Schwerpunkt Immobilien an der Börse

Anforderungen institutioneller Investoren an börsennotierte Immobiliengesellschaften

Einige institutionelle Investoren und Börsianer erinnern sich noch an Zeiten als Geschäftsberichte zu den zentralen Informationsmöglichkeiten über Strategie, Tätigkeit und die wichtigsten Eckdaten eines Unternehmens zählten und in der Ausgestaltung lediglich die gesetzlich festgeschriebenen Publizitätspflichten erfüllten. In den vergangenen Jahren hat nicht nur der Gesetzgeber zahlreiche neue Regelungen erlassen, die für mehr Transparenz sowie Fairness auf den Kapitalmärkten sorgen sollen, auch die Märkte, in denen die gelisteten Unternehmen tätig sind, unterlagen einem starken Wandel. So sind die Anforderungen der Eigen- und Fremdkapitalgeber an die kapitalsuchenden Unternehmen deutlich gestiegen.

Die Unternehmens- und Kursentwicklung einer Aktiengesellschaft befindet sich langfristig im Gleichlauf mit der Qualität ihrer Unternehmensführung.
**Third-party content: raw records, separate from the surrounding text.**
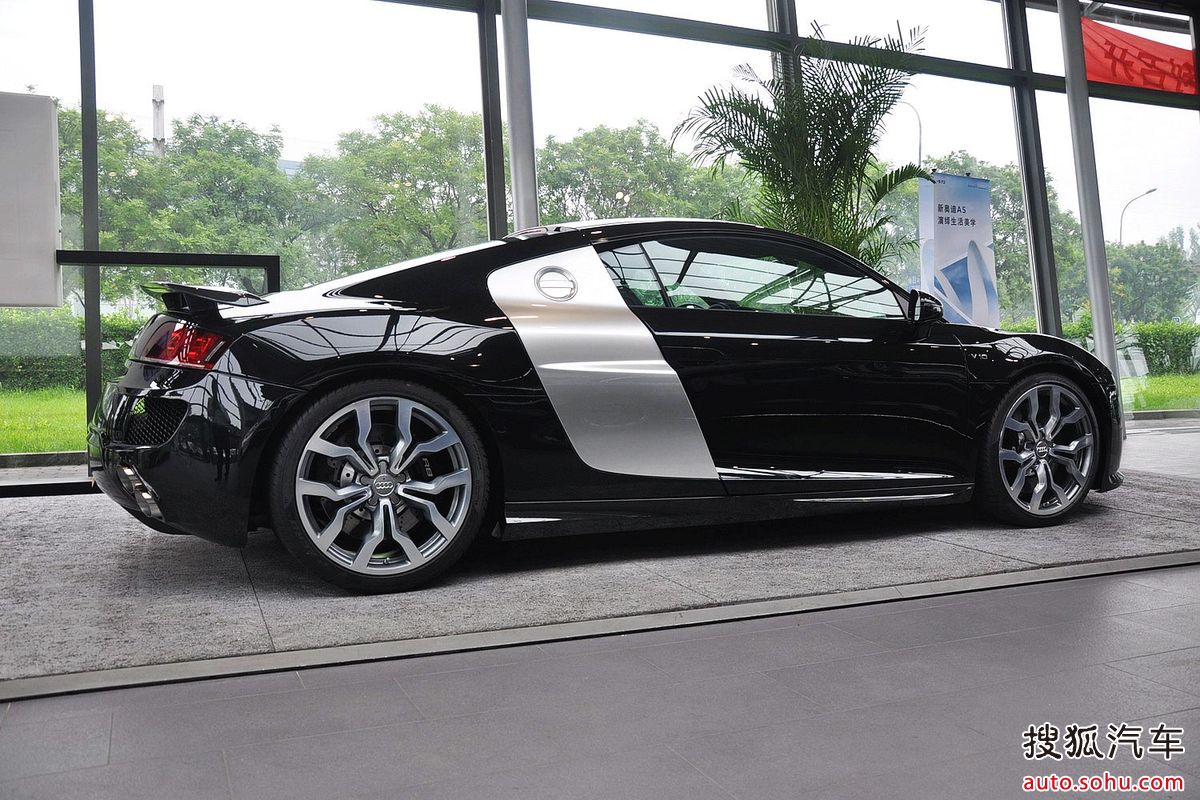 奥迪r8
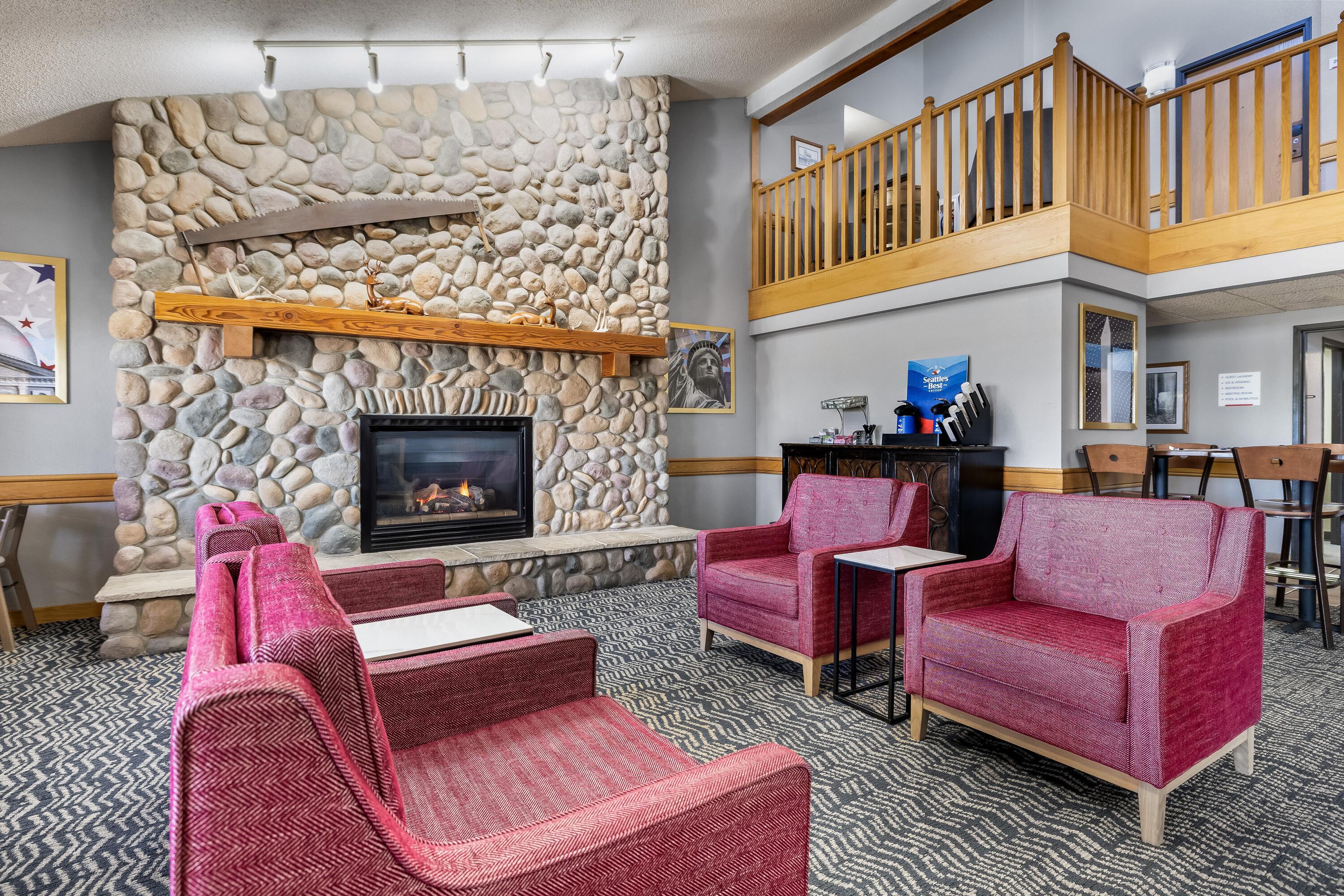 Lobby | AmericInn by Wyndham Stillwater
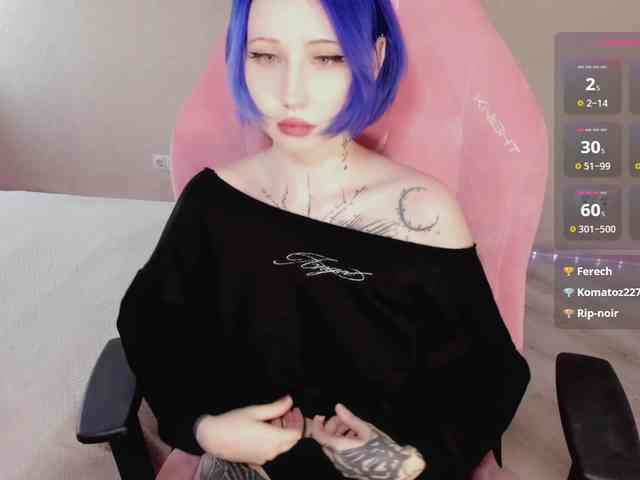 该模特正在直播。 luvsoak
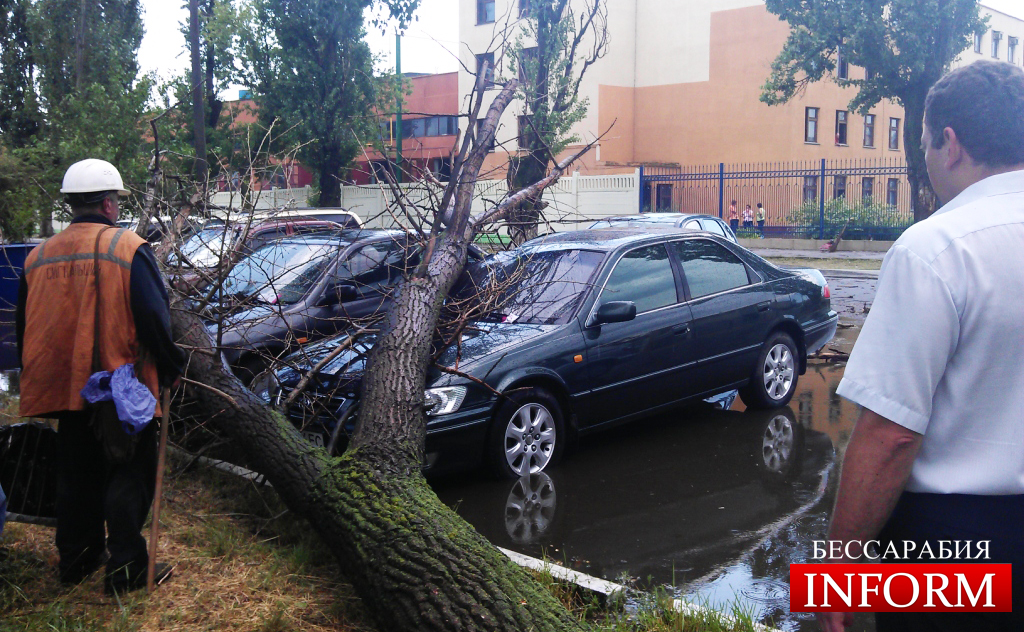 За 30 минут ветер, дождь и град в Измаиле нанесли ущерб на десятки тысяч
Ist die Qualität nicht vorhanden, wenden sich viele Anleger schnell ab. Auch mangelnde Transparenz wirkt sich unmittelbar negativ auf die Höhe des Unternehmenswertes aus - selbst bei eigentlich guter Unternehmensführung.

Nicht zuletzt leidet unter mangelnder Kommunikation auch die Geschäftsbeziehung zu den Endkunden, was ebenfalls das operative Ergebnis belastet. Der Aktienkurs eines Unternehmens hängt vom Unternehmenswert sowie seinem operativen Erfolg ab und zu einem großen Teil auch von seiner Reputation am Kapitalmarkt. Investoren erwarten heute von Unternehmen tiefer gehende Informationen und eine schlüssige Strategie, Unternehmen hingegen langfristige Investoren. Ohne Reputation keine Investoren. Und ohne Investoren keine Mittel.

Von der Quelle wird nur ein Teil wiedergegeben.